Here’s another. Paul Krugman, Sept. 20th: Trump Declares War on California. Subtitled: “It’s a liberal state, so it must be punished.”
I’m on a number of right-wing mailing lists, and I try to at least skim what they’re going on about in any given week; this often gives me advance warning about the next wave of manufactured outrage. Lately I’ve been seeing dire warnings that if Democrats win next year they’ll try to turn America into (cue scary background music) California, which the writers portray as a socialist hellhole.
Examples about auto emission regulations, and making San Francisco’s homeless population some kind of environmental hazzard. Yes, the latter is a problem.
But in many other dimensions California does very well. It has a booming economy, which has been creating jobs at a much faster pace than the nation as a whole.
The nation’s second-highest life-expectancy; drops in the uninsured via accepting Obamacare; and crime near historical lows. The point:
[I]t’s a reality the right refuses to accept, because it wasn’t what was supposed to happen.
You see, modern California — once a hotbed of conservatism — has become a very liberal, very Democratic state, in part thanks to rapidly rising Hispanic and Asian populations. And since the early years of this decade, when Democrats won first the governorship, then a supermajority in the State Legislature, liberals have been in a position to pursue their agenda, raising taxes on high incomes and increasing social spending.

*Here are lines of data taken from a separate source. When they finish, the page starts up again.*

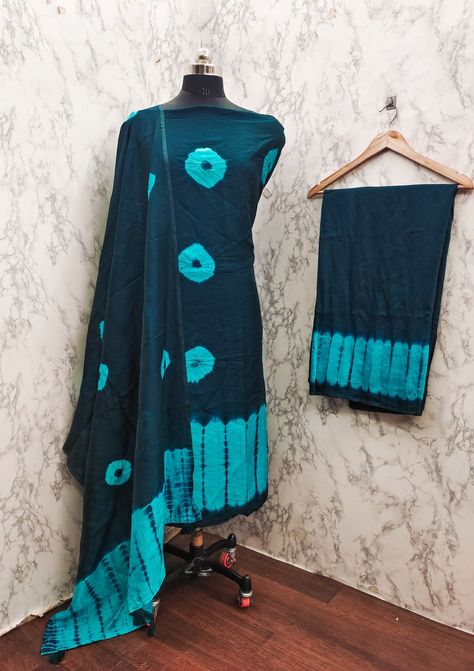 SRRT SHIBORI BANDHANI SINGLES AVAILABLE Dress Material (Unstiched) 💃🏻 Top Cut-2.25 Chanderi Cotton 💃🏻 Bottom Cut-2.25 Chanderi Cotton 💃🏻Dupatta Cut-2.25 Chanderi Cotton (With Both Side Latkan) Batik Textiles, Cotton Dupatta, Dress Material, Shibori, Batik, Textiles, Quick Saves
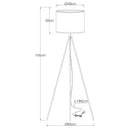 Melanie - Lampada da terra a treppiede con paralume a cilindro trasparente effetto multicolore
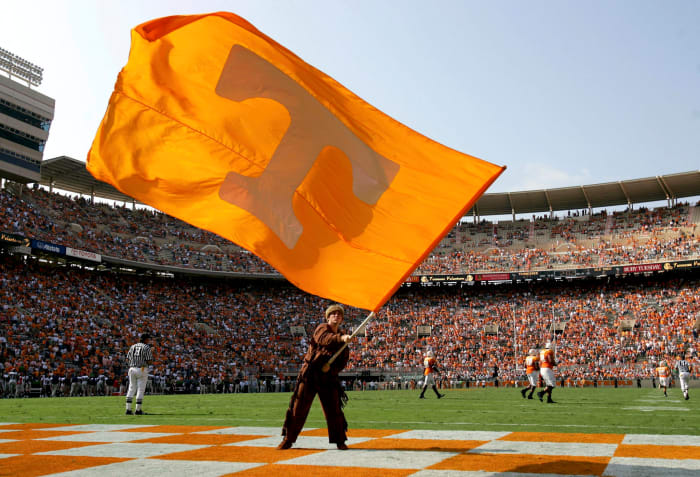 Tennessee's mascot waves the school flag.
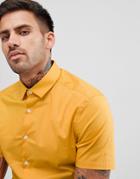 Asos Design Skinny Shirt In Light Mustard With Short Sleeves - Yellow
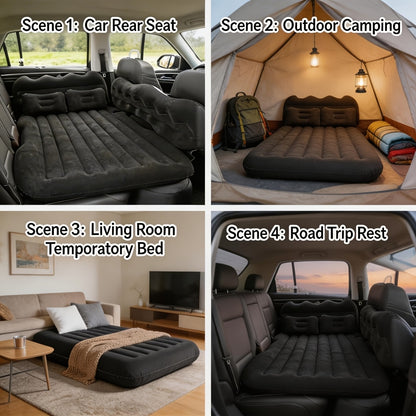 Luxury Premium Black And Stylish Beige Car Inflatable Mattress, Portable And Foldable, with PVC Flocking, Including Storage Bag, Air Pump And Two Pillows, Two Piers, Perfect for RVs, Trucks, And Foldable Beds In The Back Seat Of The Car Seat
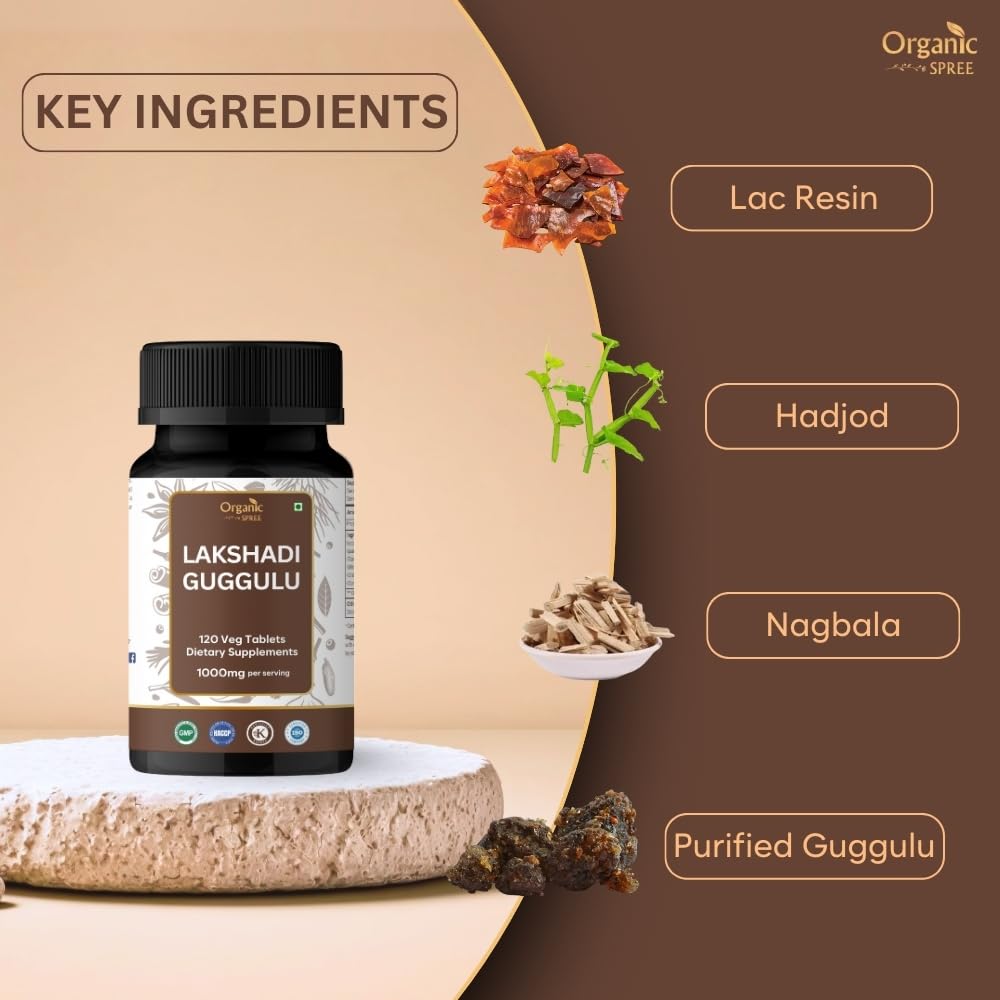 Bottle closeup of Organic Spree Lakshadi Guggulu for daily joint care.
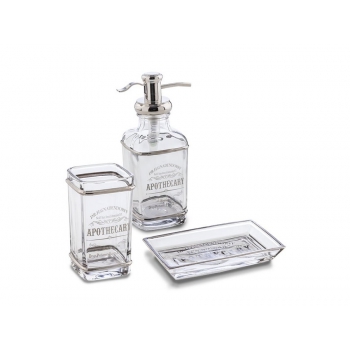 Cipì Retro bathroom set in hand-worked glass and silver-plated metal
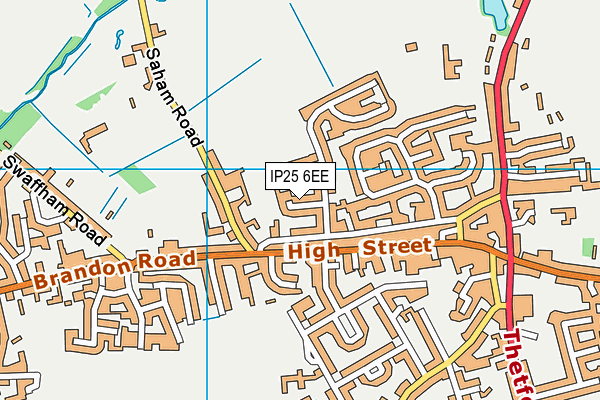 IP25 6EE map - OS VectorMap District (Ordnance Survey)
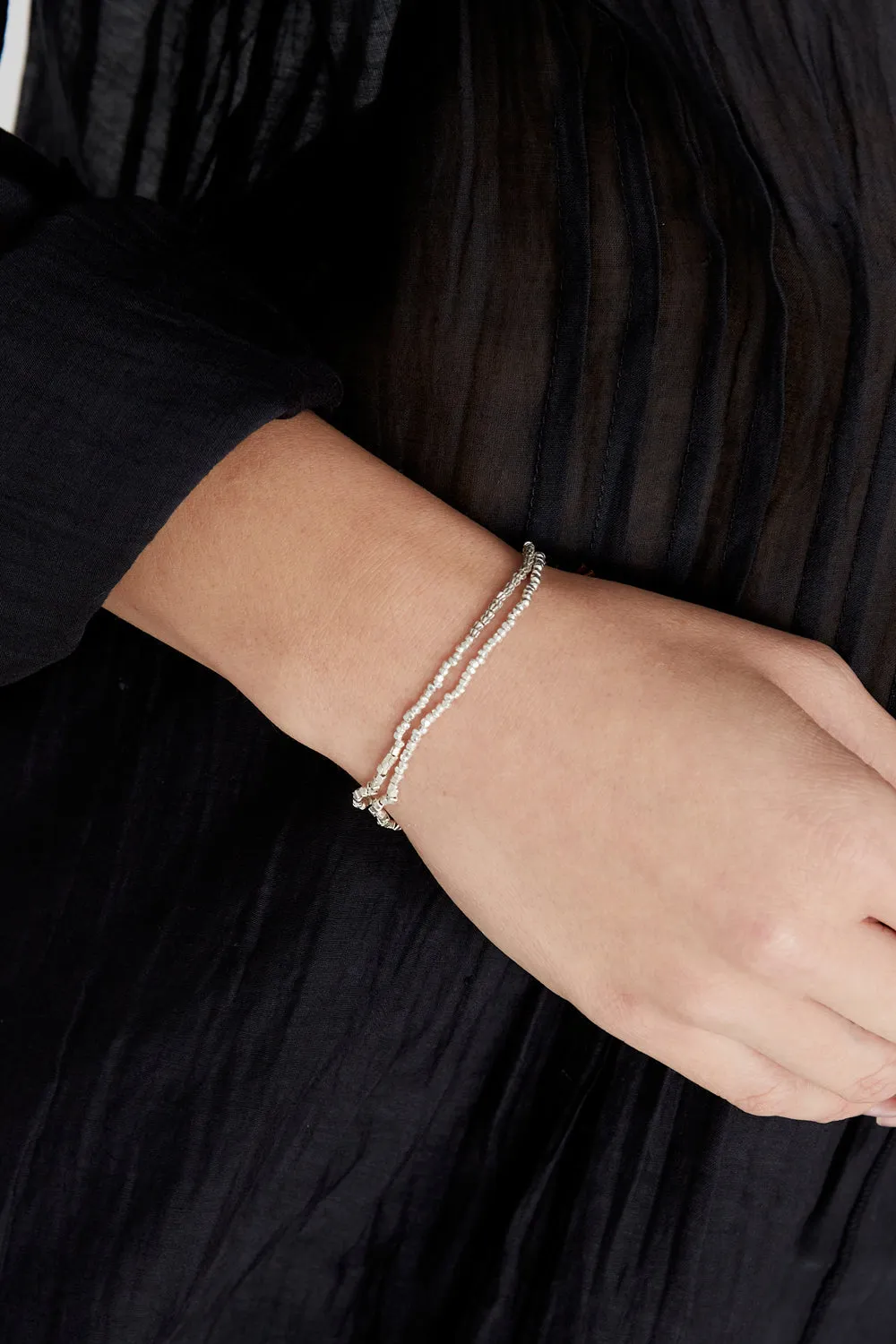 Cube Double Naked Wrap Bracelet Silver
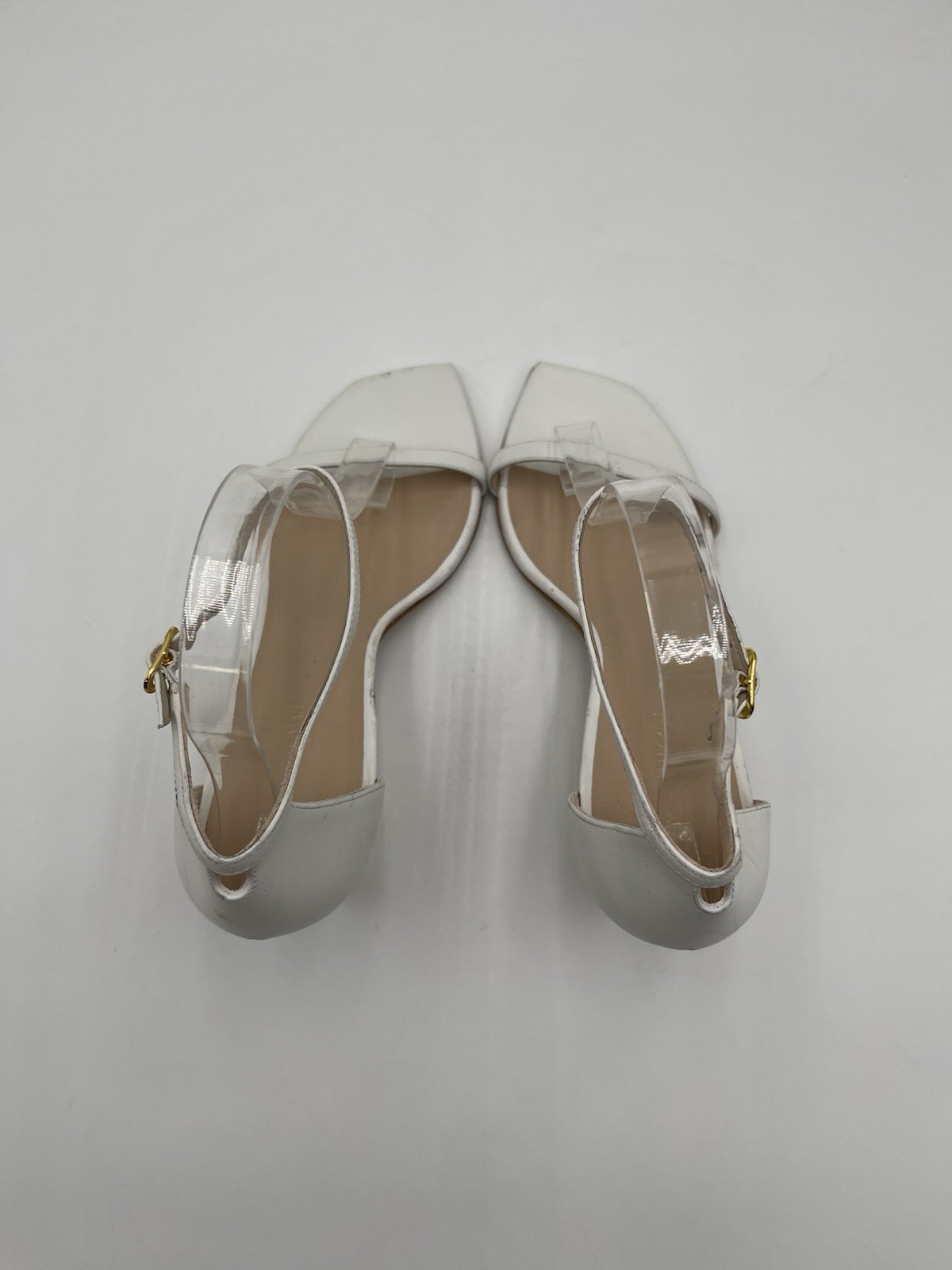 Stuart Weitzman Amelina 75mm leather sandals in white Size 8.5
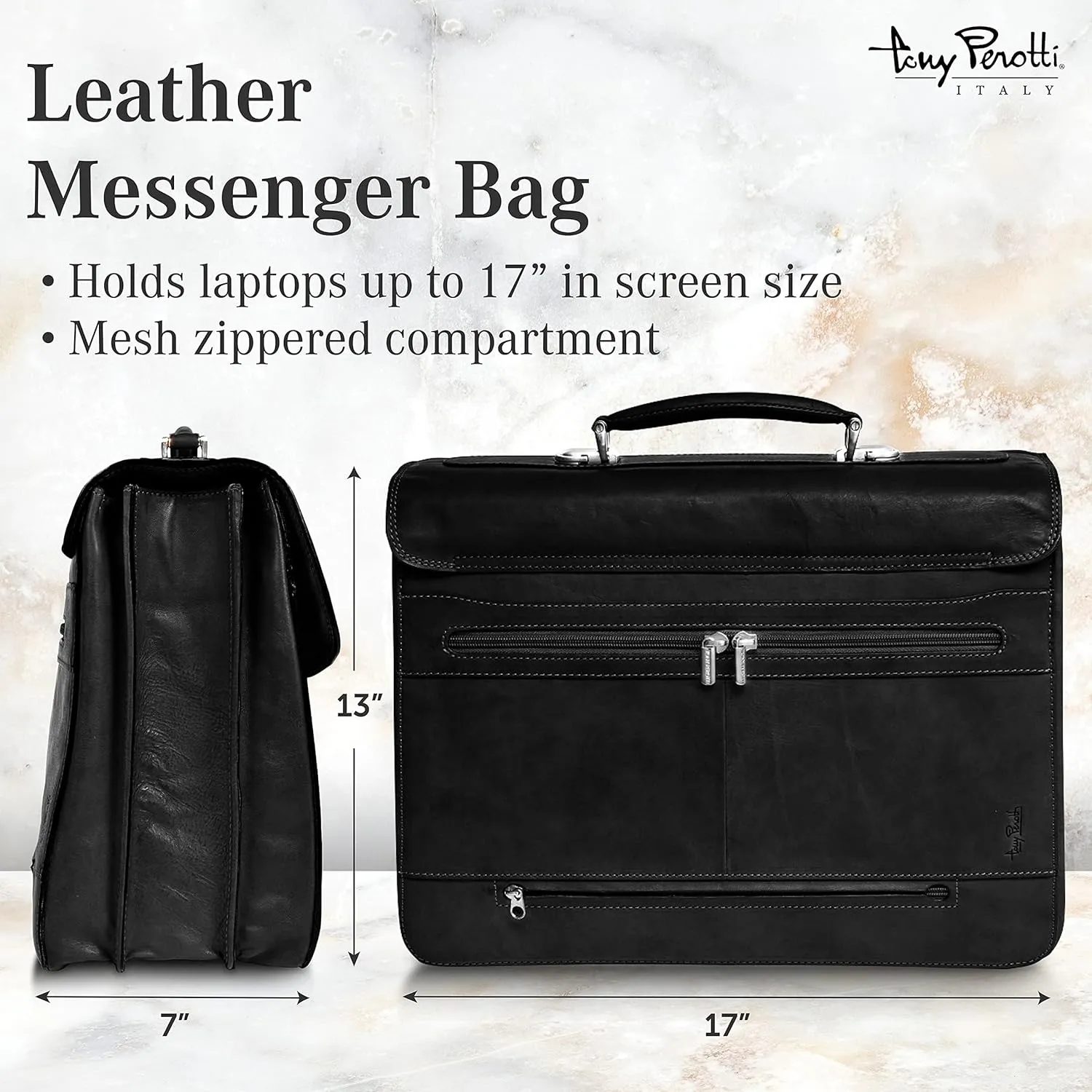 Tony Perotti Bella Russo Men's Italian Leather Messenger Bags - Triple Compartment Briefcases for Men - Tanned Leather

The striking thing about the right’s new focus on homelessness, however, is that it’s hard to detect any concern about the plight of the homeless themselves. Instead, it’s all about the discomfort and alleged threat the homeless create for the affluent.
[I]t’s yet another illustration of the intellectual imperviousness of the modern right, which never, ever lets awkward facts disturb its preconceptions.
One more, also from about a month ago. An op-ed by Sarah Smarsh, writing from Wichita, Kan. Something Special Is Happening in Rural America. Subtitled: “There is a ‘brain gain’ afoot that suggests a national homecoming to less bustling spaces.”
I find this interesting because most prognosticators feel that the only hope for the expanding population, and the reduction of humanity’s impact on the planet’s environment, is greater density in big cities, and that small rural populations will gradually evaporate. But let’s see what she says.
First, the issue of unaffordability [inequality]:
The nation’s most populous cities, the bicoastal pillars of aspiration — New York City and Los Angeles — are experiencing population declines, most likely driven by unaffordability.
But the bottom line perhaps is:
Last year, Gallup found that while roughly 80 percent of us live in urban areas, rural life was the most wished for.
People are happier in small towns, perhaps.
The writer concludes,
We need policymakers who understand this (and care about it). Good news: Progressive Democratic presidential candidates have unveiled a spate of rural policy plans more robust than any in recent political memory. They suggest actions for which rural advocates have argued — investing in rural people and economies to lead a Green New Deal, cutting out oppressive middlemen in moving food from producers to eaters and much more.
What I see here is the attraction of most people to relatively small, tightly knit communities. And that this reflects humanity’s evolutionary heritage, in which most people, until less than 10,000 years ago, lived in small tribes of a few dozen or a few hundred. The modern cosmopolis is strange. But small communities tend to be insular and tribal, hostile to people who follow different traditions and rituals. And so there’s a tension between this innate preference in most people, and the growing population of the planet, in humanity’s future.